*Data provided*.

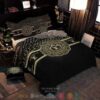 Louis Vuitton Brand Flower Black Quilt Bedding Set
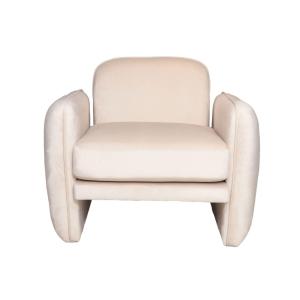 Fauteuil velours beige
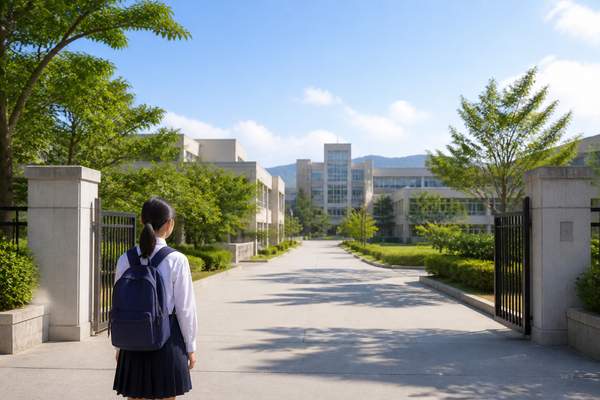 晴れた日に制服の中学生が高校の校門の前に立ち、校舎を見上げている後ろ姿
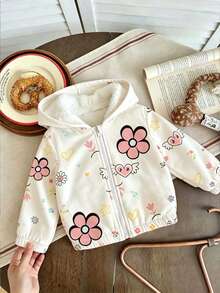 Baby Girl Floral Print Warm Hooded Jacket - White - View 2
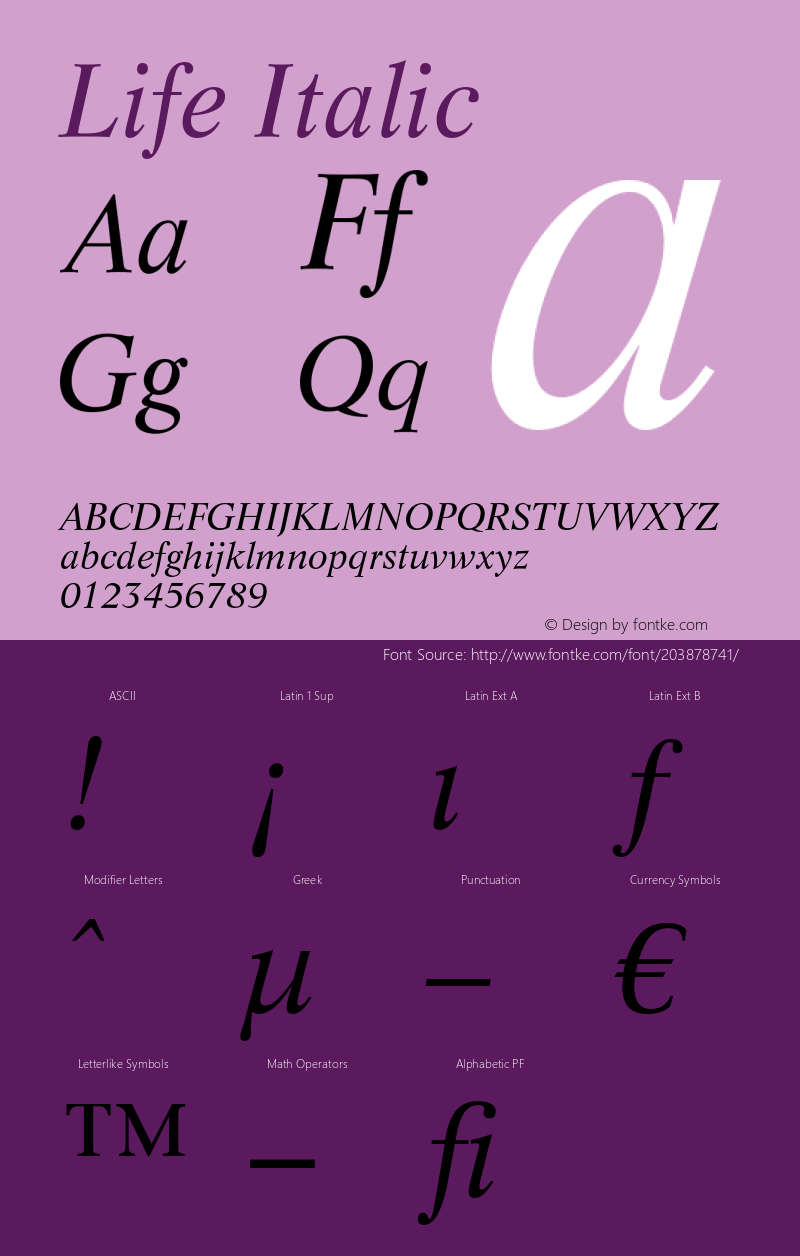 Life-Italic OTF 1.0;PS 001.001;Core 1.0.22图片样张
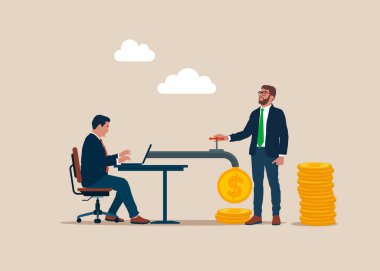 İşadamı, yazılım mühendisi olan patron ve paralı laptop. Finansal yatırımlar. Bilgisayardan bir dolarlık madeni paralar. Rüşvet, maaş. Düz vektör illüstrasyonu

*Exercise prompt*.
Restate all of the data word for word and include no pictures.

*Task output*.
 Louis Vuitton Brand Flower Black Quilt Bedding Set
 Fauteuil velours beige
 晴れた日に制服の中学生が高校の校門の前に立ち、校舎を見上げている後ろ姿
 Baby Girl Floral Print Warm Hooded Jacket - White - View 2
 Life-Italic OTF 1.0;PS 001.001;Core 1.0.22图片样张
 İşadamı, yazılım mühendisi olan patron ve paralı laptop. Finansal yatırımlar. Bilgisayardan bir dolarlık madeni paralar. Rüşvet, maaş. Düz vektör illüstrasyonu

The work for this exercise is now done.